CONSUMMATION: I find lasting approval in Jesus the one who loved me when I was still a sinner. I can rest in Jesus finished work on my behalf. I am free to create without the pressure of approval or failure.
When our identity is rooted in Christ we are set free to be wrong, to write badly or to not be liked. When we know that we are a beloved child of the most High God we are set free to create, to write, to inspire, to challenge and to risk. When we are justified in Christ we no longer have to prove ourselves through our theological correctness or our inspiring prose. We no longer have to be novel, interesting or readable in order to be successful.
Our writing probably will not be as good as our first-world counterparts but why should we expect it to be? They have been doing it for far longer than we have. They have a culture of writing, mediating, critiquing, improving and encouraging. Not to mention the obvious benefits of time and resources that financial stability and dedicated academic institutions bring. But we do not have to be like them or as good as them. We may get there, we may even surpass them one day but unless we learn to rest in our gospel identity we will forever be relegated to those whose greatest contribution will be to consume and criticise.
Not only does the gospel free us to not be as good as them but it also frees us to not be like them. The church does not need us to support a ravenous publishing industry by producing more of the same, simply with more exotic author names. No, we need to write as the church in South Africa. Our theological reflections must be coloured by our context. Our questions, our issues, our struggles as well as our strengths, our insights and our victories are all different to those of our brothers and sisters in the west. What the church worldwide needs is not window dressed publishing but it needs us to be the church and to reflect and write as the church in the context in which God has put us.

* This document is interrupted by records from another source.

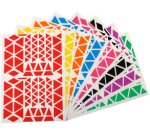 Gommettes formes triangulaires Apli tailles et couleurs assorties - Pochette de 2160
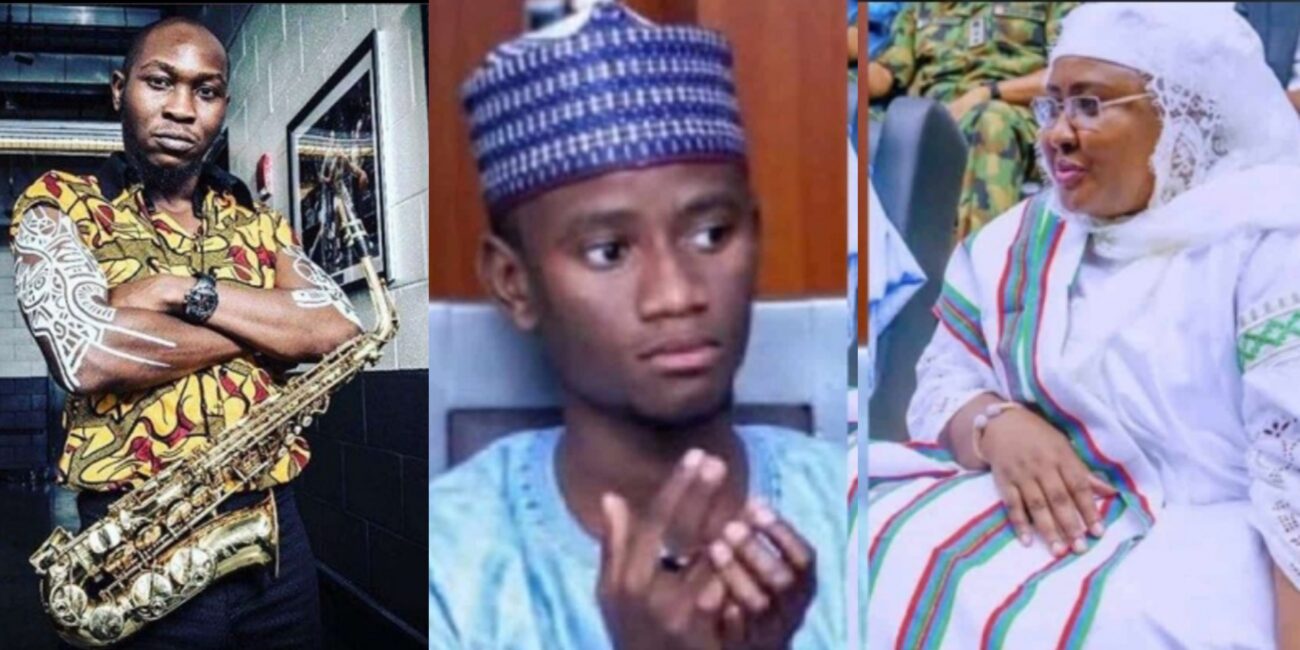 Seun Kuti Body Shames Aisha Buhari, Dares Her To Arrest Him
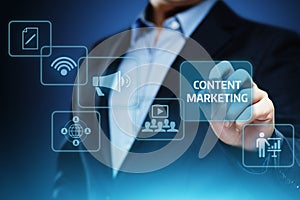 Content Marketing Strategy Business Technology Internet Concept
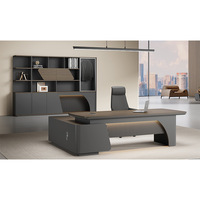 Solution de mobilier de bureau tout-en-un moderne, bureau de direction de grande taille de qualité supérieure, ensemble bureau et chaise pour PDG, directeurs et cadres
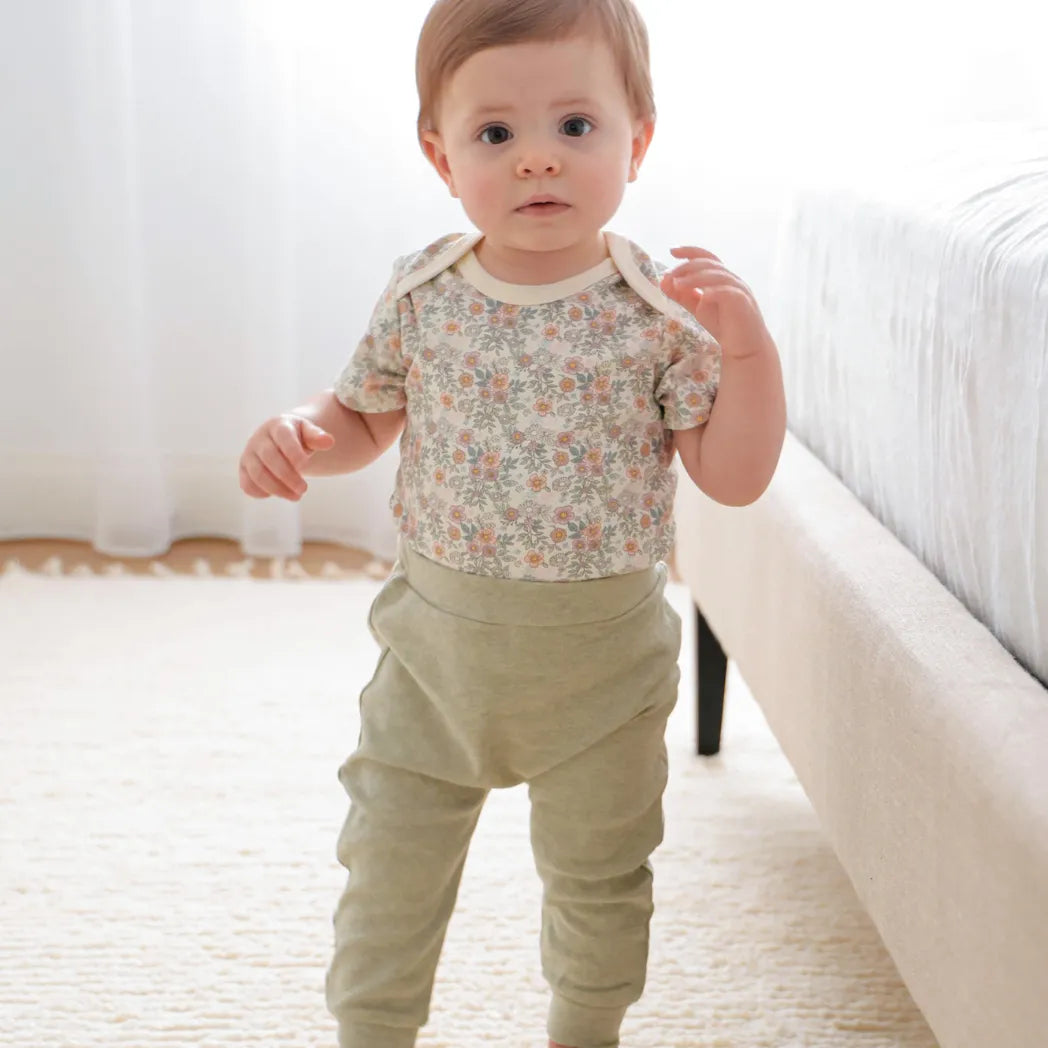 Lummi in Colour Baby Short Sleeve Bodysuit - Daisy Daisy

We have to write with our weaknesses, our insights, our blind spots and our questions. We may be rejected, derided or misunderstood but we can write boldly, prophetically and faithfully knowing that we rest in our gospel identity. The church does not need another western publishing industry the church needs us. We write not to be contentious or to make a name for ourselves, we write to serve the church, to love our brothers and ultimately for the glory and fame of Jesus.